Records from a dataset:
Start of Block

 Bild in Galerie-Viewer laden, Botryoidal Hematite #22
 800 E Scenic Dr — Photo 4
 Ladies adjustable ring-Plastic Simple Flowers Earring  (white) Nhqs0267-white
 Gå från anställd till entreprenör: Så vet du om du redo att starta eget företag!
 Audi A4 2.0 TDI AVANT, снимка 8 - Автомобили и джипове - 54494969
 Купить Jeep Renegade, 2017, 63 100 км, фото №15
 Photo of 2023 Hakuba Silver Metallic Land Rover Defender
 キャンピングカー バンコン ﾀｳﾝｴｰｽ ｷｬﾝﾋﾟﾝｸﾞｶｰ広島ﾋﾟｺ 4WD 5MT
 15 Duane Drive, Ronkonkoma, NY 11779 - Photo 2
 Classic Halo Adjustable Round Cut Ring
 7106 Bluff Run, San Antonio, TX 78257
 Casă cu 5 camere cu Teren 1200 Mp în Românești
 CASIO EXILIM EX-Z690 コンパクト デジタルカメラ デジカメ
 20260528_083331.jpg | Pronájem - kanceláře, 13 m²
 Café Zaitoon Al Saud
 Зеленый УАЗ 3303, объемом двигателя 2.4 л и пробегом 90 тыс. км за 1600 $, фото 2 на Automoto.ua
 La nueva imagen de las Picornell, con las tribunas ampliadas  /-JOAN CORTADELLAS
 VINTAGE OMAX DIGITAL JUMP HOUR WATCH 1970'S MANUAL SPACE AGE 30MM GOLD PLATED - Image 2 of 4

End of Block

In the entries above, find the line containing "Зеленый УАЗ 3303, объемом". Set down that line and every line after it through the last one, exactly and alone.

**Response to the task**
 Зеленый УАЗ 3303, объемом двигателя 2.4 л и пробегом 90 тыс. км за 1600 $, фото 2 на Automoto.ua
 La nueva imagen de las Picornell, con las tribunas ampliadas  /-JOAN CORTADELLAS
 VINTAGE OMAX DIGITAL JUMP HOUR WATCH 1970'S MANUAL SPACE AGE 30MM GOLD PLATED - Image 2 of 4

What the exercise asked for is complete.